Le Parlement européen votera un rapport sur les travaux annuels de la Banque centrale européenne, qui comprend un passage en faveur de l'euro numérique. Le vote aura lieu mardi.
Quarante-huit législateurs européens ont ajouté un passage en faveur de l'euro numérique dans un rapport annuel sur la Banque centrale européenne (BCE) qui sera voté mardi.
Bien que le document n'ait pas d'effet législatif, le vote sur l'amendement montrera publiquement où en est le soutien à l'euro numérique.
L'euro numérique serait une forme électronique d'espèces émises par la BCE et servirait de moyen de paiement supplémentaire, en complément des espèces et des cartes émises par les banques commerciales.

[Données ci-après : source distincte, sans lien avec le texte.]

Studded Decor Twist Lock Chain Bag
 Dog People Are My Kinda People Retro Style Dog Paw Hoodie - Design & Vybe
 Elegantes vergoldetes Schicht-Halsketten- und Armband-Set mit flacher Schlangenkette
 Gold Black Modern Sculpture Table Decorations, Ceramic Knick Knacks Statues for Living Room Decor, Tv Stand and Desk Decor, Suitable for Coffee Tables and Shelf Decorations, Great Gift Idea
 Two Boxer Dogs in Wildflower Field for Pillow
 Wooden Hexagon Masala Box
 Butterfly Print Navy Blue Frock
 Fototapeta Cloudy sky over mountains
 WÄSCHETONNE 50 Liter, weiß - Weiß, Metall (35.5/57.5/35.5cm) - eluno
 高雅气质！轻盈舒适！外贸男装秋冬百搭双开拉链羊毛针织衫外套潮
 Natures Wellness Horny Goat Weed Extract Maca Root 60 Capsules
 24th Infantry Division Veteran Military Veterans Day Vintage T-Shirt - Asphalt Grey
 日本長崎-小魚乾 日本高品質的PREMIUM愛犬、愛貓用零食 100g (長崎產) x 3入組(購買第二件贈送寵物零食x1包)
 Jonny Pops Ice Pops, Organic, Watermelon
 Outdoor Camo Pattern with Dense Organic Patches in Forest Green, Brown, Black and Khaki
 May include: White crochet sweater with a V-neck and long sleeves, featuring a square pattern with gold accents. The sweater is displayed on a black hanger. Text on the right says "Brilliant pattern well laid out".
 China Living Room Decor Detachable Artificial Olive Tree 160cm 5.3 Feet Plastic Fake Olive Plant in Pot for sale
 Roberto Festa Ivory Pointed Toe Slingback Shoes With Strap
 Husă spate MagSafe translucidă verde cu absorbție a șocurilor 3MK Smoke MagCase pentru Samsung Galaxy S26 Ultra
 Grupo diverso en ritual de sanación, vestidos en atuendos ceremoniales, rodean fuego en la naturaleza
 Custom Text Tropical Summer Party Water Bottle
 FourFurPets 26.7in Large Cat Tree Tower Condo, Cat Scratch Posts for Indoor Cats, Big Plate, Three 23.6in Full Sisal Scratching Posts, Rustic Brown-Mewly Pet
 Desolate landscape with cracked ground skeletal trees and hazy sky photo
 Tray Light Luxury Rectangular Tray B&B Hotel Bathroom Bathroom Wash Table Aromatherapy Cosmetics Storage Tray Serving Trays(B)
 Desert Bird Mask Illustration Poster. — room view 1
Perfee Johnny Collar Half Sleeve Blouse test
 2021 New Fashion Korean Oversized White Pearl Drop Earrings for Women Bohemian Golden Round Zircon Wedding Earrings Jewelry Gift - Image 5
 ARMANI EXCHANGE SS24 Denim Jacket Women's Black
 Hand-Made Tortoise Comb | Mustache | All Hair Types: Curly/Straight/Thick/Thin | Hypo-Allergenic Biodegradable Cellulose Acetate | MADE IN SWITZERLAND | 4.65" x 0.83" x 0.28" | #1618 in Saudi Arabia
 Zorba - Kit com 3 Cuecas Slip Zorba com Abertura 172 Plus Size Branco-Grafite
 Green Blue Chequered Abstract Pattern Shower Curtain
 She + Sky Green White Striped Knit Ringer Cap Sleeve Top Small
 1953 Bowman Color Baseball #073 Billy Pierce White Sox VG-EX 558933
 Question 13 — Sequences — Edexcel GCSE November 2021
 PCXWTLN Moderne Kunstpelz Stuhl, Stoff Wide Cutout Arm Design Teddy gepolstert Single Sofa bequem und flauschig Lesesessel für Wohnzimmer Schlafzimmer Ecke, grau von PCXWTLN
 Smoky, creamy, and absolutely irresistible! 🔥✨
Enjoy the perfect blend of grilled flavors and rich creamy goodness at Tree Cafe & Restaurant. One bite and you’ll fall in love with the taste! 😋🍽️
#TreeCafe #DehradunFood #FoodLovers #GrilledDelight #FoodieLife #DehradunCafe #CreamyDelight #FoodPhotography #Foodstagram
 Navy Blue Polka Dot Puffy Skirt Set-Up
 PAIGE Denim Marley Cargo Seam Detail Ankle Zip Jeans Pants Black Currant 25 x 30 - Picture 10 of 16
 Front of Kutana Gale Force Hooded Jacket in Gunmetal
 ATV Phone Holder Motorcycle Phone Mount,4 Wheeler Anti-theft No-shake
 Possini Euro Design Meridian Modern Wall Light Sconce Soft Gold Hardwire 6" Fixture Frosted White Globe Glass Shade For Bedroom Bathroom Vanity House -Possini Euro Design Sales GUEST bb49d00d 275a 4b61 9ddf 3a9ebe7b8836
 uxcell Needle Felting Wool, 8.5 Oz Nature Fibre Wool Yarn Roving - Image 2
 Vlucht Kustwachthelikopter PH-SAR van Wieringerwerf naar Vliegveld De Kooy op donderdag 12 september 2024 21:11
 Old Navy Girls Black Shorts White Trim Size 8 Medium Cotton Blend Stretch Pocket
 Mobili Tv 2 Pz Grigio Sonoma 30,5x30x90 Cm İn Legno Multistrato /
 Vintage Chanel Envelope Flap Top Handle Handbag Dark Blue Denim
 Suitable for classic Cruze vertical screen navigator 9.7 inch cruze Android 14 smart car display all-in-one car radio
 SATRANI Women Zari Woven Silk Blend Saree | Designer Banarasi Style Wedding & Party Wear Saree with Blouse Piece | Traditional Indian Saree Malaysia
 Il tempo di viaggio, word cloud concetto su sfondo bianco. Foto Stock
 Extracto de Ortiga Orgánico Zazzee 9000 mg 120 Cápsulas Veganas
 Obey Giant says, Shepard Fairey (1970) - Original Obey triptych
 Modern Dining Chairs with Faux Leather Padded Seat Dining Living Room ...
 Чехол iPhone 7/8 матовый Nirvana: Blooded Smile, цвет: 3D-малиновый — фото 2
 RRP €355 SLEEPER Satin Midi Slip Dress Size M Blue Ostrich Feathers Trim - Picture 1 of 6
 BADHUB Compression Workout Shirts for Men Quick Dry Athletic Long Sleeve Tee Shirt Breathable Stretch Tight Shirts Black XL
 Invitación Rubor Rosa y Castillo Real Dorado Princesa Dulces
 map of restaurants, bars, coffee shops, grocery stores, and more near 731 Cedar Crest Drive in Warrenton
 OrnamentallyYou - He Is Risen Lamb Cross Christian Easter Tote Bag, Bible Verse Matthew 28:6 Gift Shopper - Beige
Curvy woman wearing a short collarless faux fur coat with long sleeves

Contrairement aux paiements quotidiens par carte, qui sont "privés", l'euro numérique permettrait aux citoyens d'utiliser directement de l'argent numérique "public", aujourd'hui essentiellement disponible sous forme d'espèces.
Selon la proposition de la Commission européenne, l'euro numérique comprendrait un portefeuille numérique qui pourrait être utilisé à la fois en ligne et hors ligne, les paiements n'étant pas traçables.
La proposition relative à l'euro numérique a pris de l'importance en raison des tensions économiques entre l'UE et les États-Unis, car elle offre une alternative à Visa et Mastercard, les deux systèmes de paiement basés aux États-Unis et utilisés au quotidien par la plupart des Européens.
Politique législative de l'UE
La proposition a déjà été soutenue par les pays de l'UE au sein du Conseil, laissant le Parlement comme dernier colégislateur à prendre position sur le dossier.
Cependant, le Parlement se trouve dans une impasse politique, les députés européens travaillant sur la proposition ayant du mal à se mettre d'accord sur une vision commune de la conception de l'euro numérique.
En particulier, le rapporteur principal sur le dossier, l'eurodéputé espagnol de centre-droit Fernando Navarrete, propose de réduire le champ d'application de l'euro numérique, par exemple en le concevant uniquement pour une utilisation hors ligne. Dans ce cas, l'euro numérique ne serait pas un moyen de paiement alternatif à Visa et Mastercard.
Alors que le Parti populaire européen (centre-droit) sera probablement divisé sur la proposition lors du vote, de nombreux partis d'extrême-droite ont exprimé leur vif désaccord avec la proposition. La semaine dernière, le parti d'extrême droite espagnol Vox a demandé à la Commission européenne de la retirer complètement.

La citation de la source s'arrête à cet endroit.